Nochmal die Süddeutsche Zeitung:
Der Sänger bleibt seinem Stil treu, komplexe Satzstrukturen zu vermeiden. „Nie wieder Krieg, wenn wir das nicht sagen dürfen, dann läuft doch etwas schief“, lautet der Refrain des Lieds. Offen bleibt, seit wann „wir“ uns nicht mehr gegen Krieg aussprechen dürfen – und wer „wir“ überhaupt ist.
Hauptsache Judenstern gesagt
Muslime sind alles Terroristen? Wer sagt das? Wer hatte wann mal Muslime gern? Sind Träger von Judensternen früher Terroristen gewesen? Wer dachte das und wer denkt das heute? Wo tragen Muslime einen Judenstern? Sind die muslimischen Extremisten von Paris etwa am Ende Teil einer jüdischen Verschwörung?
Das schwirrt einem der Kopf, wenn man versucht, der „ganzen Wahrheit“ zu folgen.
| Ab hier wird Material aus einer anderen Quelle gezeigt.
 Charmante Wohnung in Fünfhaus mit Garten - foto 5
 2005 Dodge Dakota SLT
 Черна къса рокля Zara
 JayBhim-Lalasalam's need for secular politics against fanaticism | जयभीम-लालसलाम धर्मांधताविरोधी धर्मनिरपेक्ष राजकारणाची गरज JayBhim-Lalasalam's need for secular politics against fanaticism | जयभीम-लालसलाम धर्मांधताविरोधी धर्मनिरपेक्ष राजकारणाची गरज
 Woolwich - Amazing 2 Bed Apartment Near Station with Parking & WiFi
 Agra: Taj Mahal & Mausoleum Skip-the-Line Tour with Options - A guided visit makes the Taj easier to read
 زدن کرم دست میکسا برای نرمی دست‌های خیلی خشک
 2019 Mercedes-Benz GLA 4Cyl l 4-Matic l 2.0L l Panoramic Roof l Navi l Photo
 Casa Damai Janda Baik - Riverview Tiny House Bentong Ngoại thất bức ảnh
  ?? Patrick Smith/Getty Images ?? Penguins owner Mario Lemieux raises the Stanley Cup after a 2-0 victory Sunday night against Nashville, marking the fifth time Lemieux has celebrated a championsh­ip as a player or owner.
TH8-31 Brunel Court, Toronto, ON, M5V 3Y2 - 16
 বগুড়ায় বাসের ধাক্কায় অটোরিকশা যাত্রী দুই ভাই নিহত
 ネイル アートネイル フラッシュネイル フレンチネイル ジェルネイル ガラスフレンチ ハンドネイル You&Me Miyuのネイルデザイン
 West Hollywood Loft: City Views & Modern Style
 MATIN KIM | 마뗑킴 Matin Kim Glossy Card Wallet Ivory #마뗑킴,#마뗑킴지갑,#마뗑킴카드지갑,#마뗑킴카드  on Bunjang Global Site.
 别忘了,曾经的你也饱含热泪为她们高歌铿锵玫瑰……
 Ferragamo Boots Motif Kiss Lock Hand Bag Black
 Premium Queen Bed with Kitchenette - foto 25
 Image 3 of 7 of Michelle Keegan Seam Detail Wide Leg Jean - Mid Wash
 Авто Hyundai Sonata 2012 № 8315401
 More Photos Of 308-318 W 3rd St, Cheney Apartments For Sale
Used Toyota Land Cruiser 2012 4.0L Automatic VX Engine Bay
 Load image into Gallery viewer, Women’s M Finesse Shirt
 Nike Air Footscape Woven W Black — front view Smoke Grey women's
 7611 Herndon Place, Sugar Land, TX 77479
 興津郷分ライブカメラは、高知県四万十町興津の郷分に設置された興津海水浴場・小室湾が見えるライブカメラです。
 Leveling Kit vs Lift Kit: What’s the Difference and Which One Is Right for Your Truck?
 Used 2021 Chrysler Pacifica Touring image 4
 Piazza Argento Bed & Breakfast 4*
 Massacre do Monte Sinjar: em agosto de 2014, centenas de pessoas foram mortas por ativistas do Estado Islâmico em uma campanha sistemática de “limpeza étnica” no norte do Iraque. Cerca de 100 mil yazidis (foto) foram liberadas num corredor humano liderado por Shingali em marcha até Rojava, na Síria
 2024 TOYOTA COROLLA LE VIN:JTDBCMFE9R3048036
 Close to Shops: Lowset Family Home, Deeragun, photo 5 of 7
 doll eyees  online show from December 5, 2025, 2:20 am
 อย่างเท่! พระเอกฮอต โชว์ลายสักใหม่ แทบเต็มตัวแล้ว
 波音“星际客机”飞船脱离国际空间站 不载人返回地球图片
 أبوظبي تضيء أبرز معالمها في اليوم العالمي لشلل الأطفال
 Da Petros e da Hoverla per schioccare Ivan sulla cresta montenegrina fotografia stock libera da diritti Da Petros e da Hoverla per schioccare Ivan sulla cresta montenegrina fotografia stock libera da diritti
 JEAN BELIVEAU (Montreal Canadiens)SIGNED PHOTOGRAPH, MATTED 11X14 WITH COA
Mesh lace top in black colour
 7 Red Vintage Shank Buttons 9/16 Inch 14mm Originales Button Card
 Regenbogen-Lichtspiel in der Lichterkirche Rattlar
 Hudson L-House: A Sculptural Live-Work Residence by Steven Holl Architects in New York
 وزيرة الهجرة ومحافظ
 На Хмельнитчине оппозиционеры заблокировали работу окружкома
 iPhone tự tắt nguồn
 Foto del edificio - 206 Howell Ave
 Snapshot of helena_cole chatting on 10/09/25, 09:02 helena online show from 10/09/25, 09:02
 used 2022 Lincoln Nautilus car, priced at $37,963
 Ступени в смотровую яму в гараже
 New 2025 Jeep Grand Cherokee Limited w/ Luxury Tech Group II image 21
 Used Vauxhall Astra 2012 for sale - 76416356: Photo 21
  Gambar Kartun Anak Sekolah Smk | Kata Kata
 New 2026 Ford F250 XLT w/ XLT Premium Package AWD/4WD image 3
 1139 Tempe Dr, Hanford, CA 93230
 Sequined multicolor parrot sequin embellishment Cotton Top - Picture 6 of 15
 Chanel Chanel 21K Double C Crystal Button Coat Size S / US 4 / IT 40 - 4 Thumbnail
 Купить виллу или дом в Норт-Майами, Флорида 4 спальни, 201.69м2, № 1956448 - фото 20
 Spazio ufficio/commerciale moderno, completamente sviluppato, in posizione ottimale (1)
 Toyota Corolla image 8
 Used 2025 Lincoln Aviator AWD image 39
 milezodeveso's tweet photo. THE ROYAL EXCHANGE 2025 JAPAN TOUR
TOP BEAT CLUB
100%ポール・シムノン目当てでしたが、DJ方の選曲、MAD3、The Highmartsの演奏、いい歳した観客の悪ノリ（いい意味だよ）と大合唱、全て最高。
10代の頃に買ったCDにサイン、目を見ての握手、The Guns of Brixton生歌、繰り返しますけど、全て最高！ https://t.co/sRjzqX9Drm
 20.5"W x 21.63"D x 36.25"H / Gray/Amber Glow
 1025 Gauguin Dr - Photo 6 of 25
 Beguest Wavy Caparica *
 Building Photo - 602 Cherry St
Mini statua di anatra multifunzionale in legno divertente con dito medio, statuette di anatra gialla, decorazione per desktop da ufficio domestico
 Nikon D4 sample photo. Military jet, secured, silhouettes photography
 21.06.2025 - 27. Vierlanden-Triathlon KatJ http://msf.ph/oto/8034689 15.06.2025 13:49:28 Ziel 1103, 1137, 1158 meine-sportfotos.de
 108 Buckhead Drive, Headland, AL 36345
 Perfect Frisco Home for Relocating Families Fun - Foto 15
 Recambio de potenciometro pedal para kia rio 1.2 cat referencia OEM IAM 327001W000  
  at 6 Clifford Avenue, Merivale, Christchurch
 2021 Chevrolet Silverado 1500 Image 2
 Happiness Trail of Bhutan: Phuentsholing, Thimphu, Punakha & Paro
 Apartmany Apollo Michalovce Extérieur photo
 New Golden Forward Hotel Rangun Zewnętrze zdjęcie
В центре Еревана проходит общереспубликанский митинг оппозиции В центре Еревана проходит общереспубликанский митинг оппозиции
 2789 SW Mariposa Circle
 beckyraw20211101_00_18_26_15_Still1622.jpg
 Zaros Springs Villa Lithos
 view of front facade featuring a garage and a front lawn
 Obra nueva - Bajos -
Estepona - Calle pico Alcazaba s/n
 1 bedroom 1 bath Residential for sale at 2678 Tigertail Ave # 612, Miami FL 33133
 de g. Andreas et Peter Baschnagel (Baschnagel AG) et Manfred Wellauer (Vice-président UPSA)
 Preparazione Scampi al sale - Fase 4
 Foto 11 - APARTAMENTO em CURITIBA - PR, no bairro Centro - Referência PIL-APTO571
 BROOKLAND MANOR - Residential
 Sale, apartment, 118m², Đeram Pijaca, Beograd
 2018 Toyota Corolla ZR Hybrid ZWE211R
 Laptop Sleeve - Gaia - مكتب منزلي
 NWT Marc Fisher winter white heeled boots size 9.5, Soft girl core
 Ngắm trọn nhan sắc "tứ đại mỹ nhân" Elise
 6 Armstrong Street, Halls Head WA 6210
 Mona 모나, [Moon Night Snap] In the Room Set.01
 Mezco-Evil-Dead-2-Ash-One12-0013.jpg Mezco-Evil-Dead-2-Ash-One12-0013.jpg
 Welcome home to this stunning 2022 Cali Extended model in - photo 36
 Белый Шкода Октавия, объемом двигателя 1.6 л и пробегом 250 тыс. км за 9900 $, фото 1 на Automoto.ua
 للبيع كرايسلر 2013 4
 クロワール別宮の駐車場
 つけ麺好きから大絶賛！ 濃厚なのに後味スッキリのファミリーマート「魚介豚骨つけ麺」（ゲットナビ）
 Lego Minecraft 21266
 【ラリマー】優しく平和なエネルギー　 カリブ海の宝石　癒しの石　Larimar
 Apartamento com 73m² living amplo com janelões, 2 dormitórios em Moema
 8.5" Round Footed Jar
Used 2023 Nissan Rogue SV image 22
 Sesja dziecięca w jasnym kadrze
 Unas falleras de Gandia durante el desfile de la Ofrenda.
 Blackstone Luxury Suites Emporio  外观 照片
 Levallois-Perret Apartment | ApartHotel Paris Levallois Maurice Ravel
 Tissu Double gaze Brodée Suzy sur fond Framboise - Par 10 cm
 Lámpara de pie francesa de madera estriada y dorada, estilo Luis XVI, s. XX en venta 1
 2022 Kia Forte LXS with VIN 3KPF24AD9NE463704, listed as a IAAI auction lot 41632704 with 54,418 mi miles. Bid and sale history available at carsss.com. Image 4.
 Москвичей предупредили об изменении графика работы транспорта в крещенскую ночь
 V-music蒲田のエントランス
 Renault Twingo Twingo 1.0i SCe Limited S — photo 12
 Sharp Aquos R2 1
Xavier Naidoo, erst mäßig und dann sehr erfolgreicher Musiker ohne abgeschlossene Berufsausbildung, vor einigen Jahren in heftigen Konflikten mit der staatlichen Ordnung, was ihm Vorstrafen und Strafzahlungen einbrachte, wirbelt in seiner Fantasiewelt irgendwie ziemlich viel durcheinander und lässt systematisch große Lücken, in denen Fans alles mit allem irgendwie durcheinanderwirbeln können.
Krieg ist nur bei anderen – Xaver mahnt aus Liebe ab
Er behauptet, Deutschland sei kein souveräner Staat, verlässt sich aber gleichzeitig auf die deutsche Rechtsstaatlichkeit, wenn er Filesharer abmahnt oder die Amadeu Antonio Stiftung oder auch das Rheinneckarblog.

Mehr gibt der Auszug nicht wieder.